What the task requires =>
Return every line of the data exactly as it stands.

Exercise inputs =>
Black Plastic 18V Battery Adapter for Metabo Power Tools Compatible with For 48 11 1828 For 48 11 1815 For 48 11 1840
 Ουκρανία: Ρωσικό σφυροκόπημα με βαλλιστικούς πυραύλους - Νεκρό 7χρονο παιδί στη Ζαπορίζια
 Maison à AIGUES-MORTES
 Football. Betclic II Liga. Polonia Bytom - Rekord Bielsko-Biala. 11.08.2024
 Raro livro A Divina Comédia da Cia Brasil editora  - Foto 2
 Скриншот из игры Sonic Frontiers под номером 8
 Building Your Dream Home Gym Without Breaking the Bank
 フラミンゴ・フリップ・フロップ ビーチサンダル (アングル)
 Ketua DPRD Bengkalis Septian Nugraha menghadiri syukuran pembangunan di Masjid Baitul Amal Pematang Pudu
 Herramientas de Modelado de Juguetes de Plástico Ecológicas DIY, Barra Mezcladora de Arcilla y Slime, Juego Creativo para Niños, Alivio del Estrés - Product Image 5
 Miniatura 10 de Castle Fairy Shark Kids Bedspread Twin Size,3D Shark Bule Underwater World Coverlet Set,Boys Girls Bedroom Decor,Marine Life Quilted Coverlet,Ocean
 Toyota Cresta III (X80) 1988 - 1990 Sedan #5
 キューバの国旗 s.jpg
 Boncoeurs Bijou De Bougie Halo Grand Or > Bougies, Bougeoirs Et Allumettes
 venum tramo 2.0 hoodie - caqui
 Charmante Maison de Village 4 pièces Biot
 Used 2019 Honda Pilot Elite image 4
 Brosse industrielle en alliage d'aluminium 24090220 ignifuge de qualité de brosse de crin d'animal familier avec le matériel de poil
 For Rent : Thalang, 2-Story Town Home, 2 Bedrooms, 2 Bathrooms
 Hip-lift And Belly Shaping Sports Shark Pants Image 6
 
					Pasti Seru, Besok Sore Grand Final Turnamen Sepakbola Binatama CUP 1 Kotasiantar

Final answer =>
Black Plastic 18V Battery Adapter for Metabo Power Tools Compatible with For 48 11 1828 For 48 11 1815 For 48 11 1840
 Ουκρανία: Ρωσικό σφυροκόπημα με βαλλιστικούς πυραύλους - Νεκρό 7χρονο παιδί στη Ζαπορίζια
 Maison à AIGUES-MORTES
 Football. Betclic II Liga. Polonia Bytom - Rekord Bielsko-Biala. 11.08.2024
 Raro livro A Divina Comédia da Cia Brasil editora  - Foto 2
 Скриншот из игры Sonic Frontiers под номером 8
 Building Your Dream Home Gym Without Breaking the Bank
 フラミンゴ・フリップ・フロップ ビーチサンダル (アングル)
 Ketua DPRD Bengkalis Septian Nugraha menghadiri syukuran pembangunan di Masjid Baitul Amal Pematang Pudu
 Herramientas de Modelado de Juguetes de Plástico Ecológicas DIY, Barra Mezcladora de Arcilla y Slime, Juego Creativo para Niños, Alivio del Estrés - Product Image 5
 Miniatura 10 de Castle Fairy Shark Kids Bedspread Twin Size,3D Shark Bule Underwater World Coverlet Set,Boys Girls Bedroom Decor,Marine Life Quilted Coverlet,Ocean
 Toyota Cresta III (X80) 1988 - 1990 Sedan #5
 キューバの国旗 s.jpg
 Boncoeurs Bijou De Bougie Halo Grand Or > Bougies, Bougeoirs Et Allumettes
 venum tramo 2.0 hoodie - caqui
 Charmante Maison de Village 4 pièces Biot
 Used 2019 Honda Pilot Elite image 4
 Brosse industrielle en alliage d'aluminium 24090220 ignifuge de qualité de brosse de crin d'animal familier avec le matériel de poil
 For Rent : Thalang, 2-Story Town Home, 2 Bedrooms, 2 Bathrooms
 Hip-lift And Belly Shaping Sports Shark Pants Image 6
 
					Pasti Seru, Besok Sore Grand Final Turnamen Sepakbola Binatama CUP 1 Kotasiantar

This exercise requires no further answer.